FINAL REPORT Home and away, it’s been a blast with 429bhp SUV
Updates on the Audi SQ7 and Mitsubishi L200
AFTER nearly seven months, we’ve waved farewell to our Audi SQ7 super-suv. And as we consider its report card, it’s fair to say there was a marked difference in its performance home and away – just like my football team…
Firstly, away from home, which in my case is congested north London. Outside the capital, I found the 429bhp twinturbo giant absolutely brilliant.

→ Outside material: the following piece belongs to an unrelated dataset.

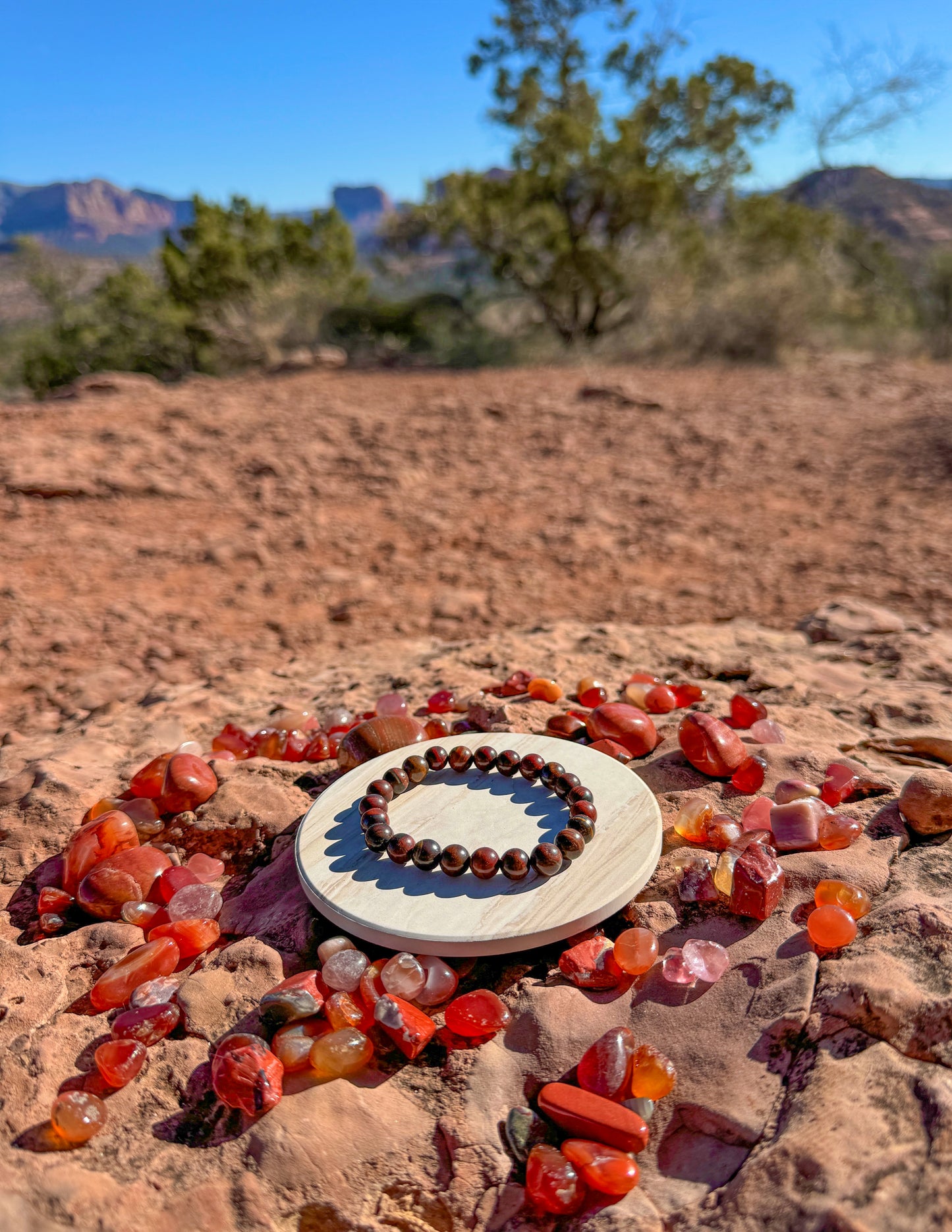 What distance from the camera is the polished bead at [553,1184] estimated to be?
3.89 feet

On the motorway, its unflinching appetite for blistering acceleration ensured a couple of 600-mile trips to the north of Scotland were completed in exemplary fashion. I never tired of its ability to blast past lighter, more agile cars, while the exquisitely built cabin and spacious rear seats meant my family travelled in supreme comfort.
Over the years it’s a journey I’ve done on countless occasions, and I can honestly say that no car has made it easier than the SQ7.
Given its size, it was pretty satisfying to drive in the countryside around my parents’ home in Montrose, too. Yes, you were always aware of its 2,330kg bulk, but when I switched the drive mode from my default setting of Comfort – where the ride was genuinely, er, comfortable – to Dynamic, the SQ7 really did handle adeptly. The optional Dynamic Pack, which adds all-wheel steering, a sports differential and active anti-roll bars, undeniably makes this Audi one of the better SUVS to drive spiritedly on a B-road. At £5,700 it’s not cheap, but if you’ve got the money to buy an SQ7 in the first place it’s unlikely to put you off.
Back in London, it was more of a mixed bag for the Audi. In March I moved house and here the SQ7 was in its element. Its full seven seats were used on a couple of occasions to transport family assisting with the move, and I was pleased to find that the rearmost ones were easily accessible and able to accommodate adults for short journeys.
Then when ultimate capacity was needed for trips to the recycling centre, it was simplicity itself to fold the five rear seats and free up a 1,890-litre capacity.
Those same trips to the dump, however, did highlight one of the drawbacks of the SQ7 on home territory in London – its sheer size. My local recycling facility has a height restriction on vehicles to stop commercial waste being dumped, and at 1.75 metres it was perilously close to the Audi’s 1,741mm. I couldn’t risk damaging the panoramic roof, so each visit necessitated a wait for a special gate for outsized vehicles to be opened, which was rather tiresome.
Traffic calming width restrictions were also a game of roulette. At 1,968mm, the SQ7 is very wide and I encountered two – both on private land – where the Audi wouldn’t squeeze through without folding the wing mirrors in, delaying vehicles behind me.
I didn’t really warm to the sat-nav either, whether in London or elsewhere. While the mapping was clear, and a choice of routes was always offered, on a number of occasions it kept changing its mind about potential traffic problems, which ultimately led to tortuous routes being followed.
And while the £1,500 Parking Assistance Pack ensured manoeuvring in tight spots was straightforward thanks to its surround cameras offering clear guidance on the full colour 8.3-inch display, the need to drive gingerly on packed residential roads was always apparent. On the whole, though, I’m sad to see the SQ7 go. As a super-fast, super-practical SUV it has few peers.